Dr. Pardis Sabeti, Professor at Harvard University and the Broad Institute and 2004 L’Oréal USA
FWIS Fellow
Dr. Sabeti along with Broad Institute colleague Andres Colubri and Sarasota Military Prep Academy colleague Todd Brown will be using their third CTFS grant to integrate STEM technology into the ongoing ‘Operation Outbreak’ simulation called O2. This experiential learning exercise replicates a potential real-world outbreak scenario via mobile apps and Bluetooth technology, mimicking the spread of a real viral pathogen and teaching students how to respond to such an outbreak through a coordinated community effort. This year’s grant will go towards software and app development that will help O2 reach new beneficiaries and increase the simulation’s realism. The initiative’s long-term goal is to offer a flexible and robust platform that anybody around the world can adapt to their specific settings, and use to generate awareness about infectious diseases, prepare members of a population for the response measures required during an outbreak, and help with the generation and collection of associated data.
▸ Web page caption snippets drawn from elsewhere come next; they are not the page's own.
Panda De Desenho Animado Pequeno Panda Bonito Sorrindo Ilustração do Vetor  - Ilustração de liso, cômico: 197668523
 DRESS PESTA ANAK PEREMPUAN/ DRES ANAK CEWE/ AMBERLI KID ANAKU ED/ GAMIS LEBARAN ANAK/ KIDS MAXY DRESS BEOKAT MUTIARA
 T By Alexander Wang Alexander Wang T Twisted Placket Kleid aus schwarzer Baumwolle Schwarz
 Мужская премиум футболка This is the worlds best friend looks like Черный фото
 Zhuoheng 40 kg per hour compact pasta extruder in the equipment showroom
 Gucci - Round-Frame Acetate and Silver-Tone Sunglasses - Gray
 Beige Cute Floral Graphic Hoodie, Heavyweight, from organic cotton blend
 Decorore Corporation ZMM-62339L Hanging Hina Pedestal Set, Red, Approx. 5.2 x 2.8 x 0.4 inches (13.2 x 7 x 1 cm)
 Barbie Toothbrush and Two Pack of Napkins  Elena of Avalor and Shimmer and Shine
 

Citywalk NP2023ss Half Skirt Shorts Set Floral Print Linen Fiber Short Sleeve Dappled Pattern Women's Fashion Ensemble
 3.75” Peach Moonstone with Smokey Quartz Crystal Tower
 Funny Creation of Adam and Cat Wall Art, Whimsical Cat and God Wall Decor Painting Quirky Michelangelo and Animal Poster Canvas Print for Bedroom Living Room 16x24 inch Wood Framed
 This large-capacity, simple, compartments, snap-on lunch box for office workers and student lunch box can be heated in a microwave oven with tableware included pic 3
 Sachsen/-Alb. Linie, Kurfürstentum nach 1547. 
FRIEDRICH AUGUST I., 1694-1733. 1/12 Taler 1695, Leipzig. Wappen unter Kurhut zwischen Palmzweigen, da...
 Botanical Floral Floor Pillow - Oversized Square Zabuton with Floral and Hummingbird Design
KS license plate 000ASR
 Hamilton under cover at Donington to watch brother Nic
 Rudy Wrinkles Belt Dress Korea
Dr. Sridevi Sarma, Associate Professor at John Hopkins University and 2008 L’Oréal USA FWIS Fellow
Dr. Sarma is using her third CTFS grant to continue hosting a physics project with the Girl Scouts of Central Maryland. In Spring 2018, Dr. Sarma and PhD candidate Macauley Breault developed and executed a fun and competitive STEM activity that brought together more than two dozen Girl Scout Cadette troops (ages 10-12) at Johns Hopkins University in Baltimore, Maryland. The CTFS grant will allow her to repeat this successful project in 2020. The Girl Scout Roller Coaster Contest challenges participants’ engineering skills as they compete to build roller coasters out of household materials. Led by Dr. Sarma and a dozen female PhD candidates in her lab, each troop will learn about the physics of roller coasters, which will then help them to design a model for a chance to win tickets to Six Flags America.